Your instructions
In this exercise, write out the data word for word and leave every image out.

Information provided
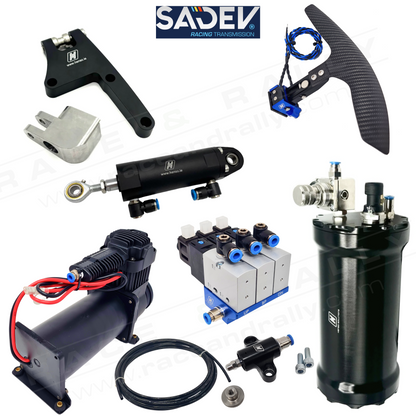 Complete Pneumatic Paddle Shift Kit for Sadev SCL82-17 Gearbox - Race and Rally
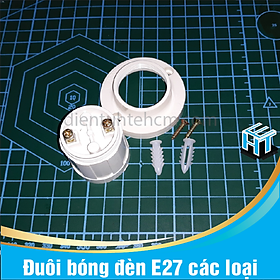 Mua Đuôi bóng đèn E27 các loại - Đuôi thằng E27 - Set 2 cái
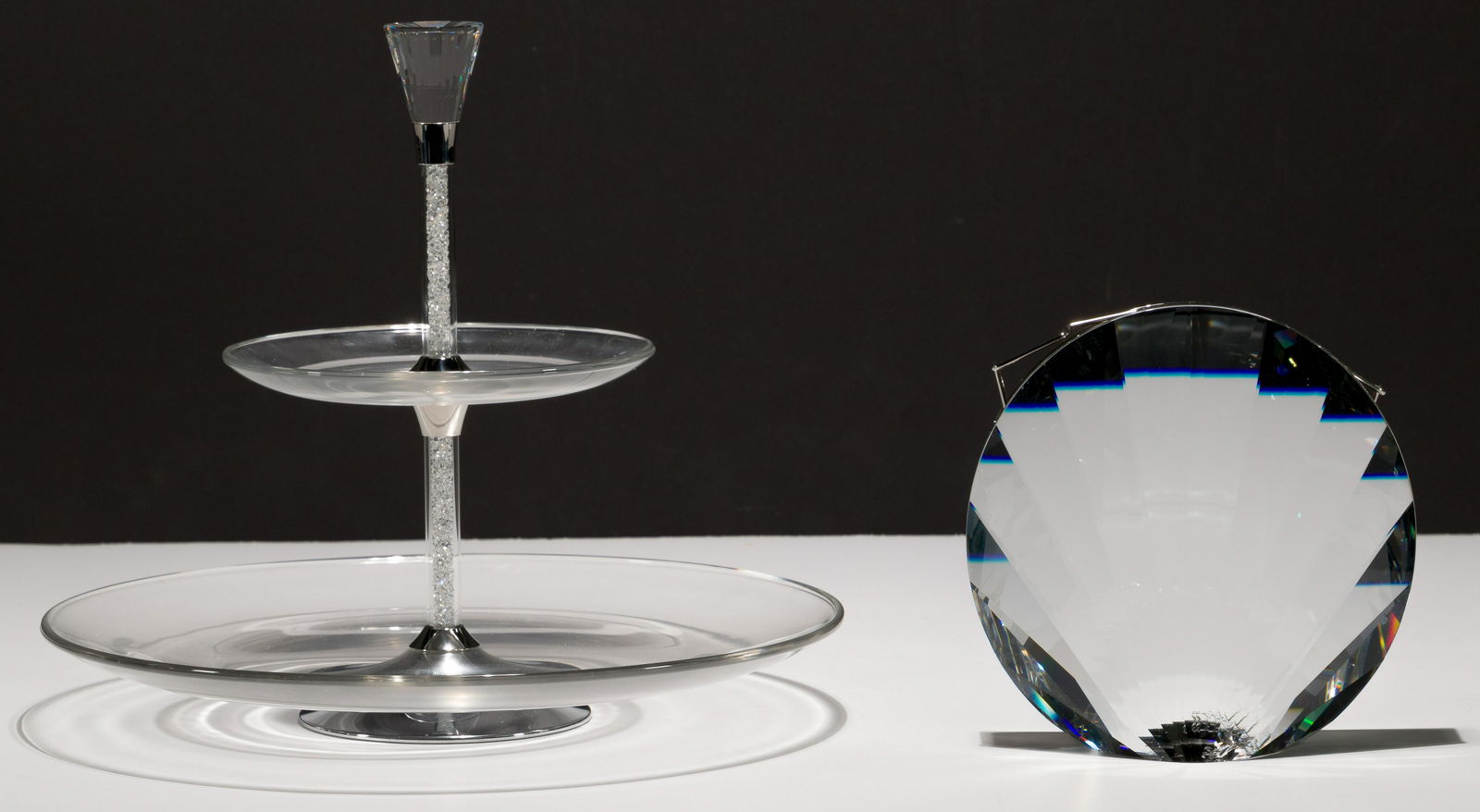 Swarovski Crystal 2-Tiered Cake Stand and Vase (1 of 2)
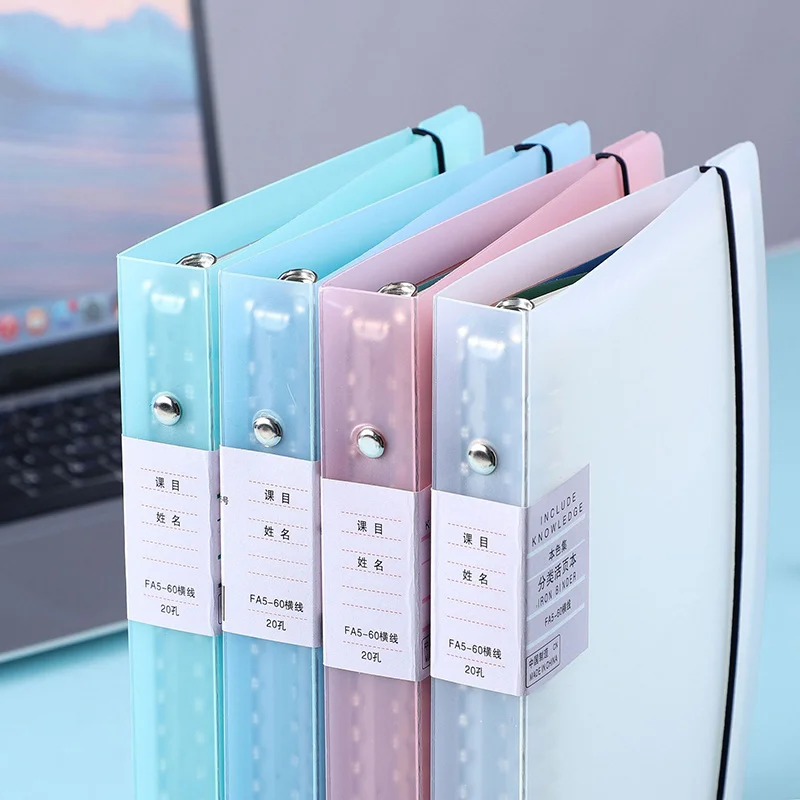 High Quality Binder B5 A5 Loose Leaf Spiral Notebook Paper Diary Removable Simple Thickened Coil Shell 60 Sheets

Result of this exercise
 Complete Pneumatic Paddle Shift Kit for Sadev SCL82-17 Gearbox - Race and Rally
 Mua Đuôi bóng đèn E27 các loại - Đuôi thằng E27 - Set 2 cái
 Swarovski Crystal 2-Tiered Cake Stand and Vase (1 of 2)
 High Quality Binder B5 A5 Loose Leaf Spiral Notebook Paper Diary Removable Simple Thickened Coil Shell 60 Sheets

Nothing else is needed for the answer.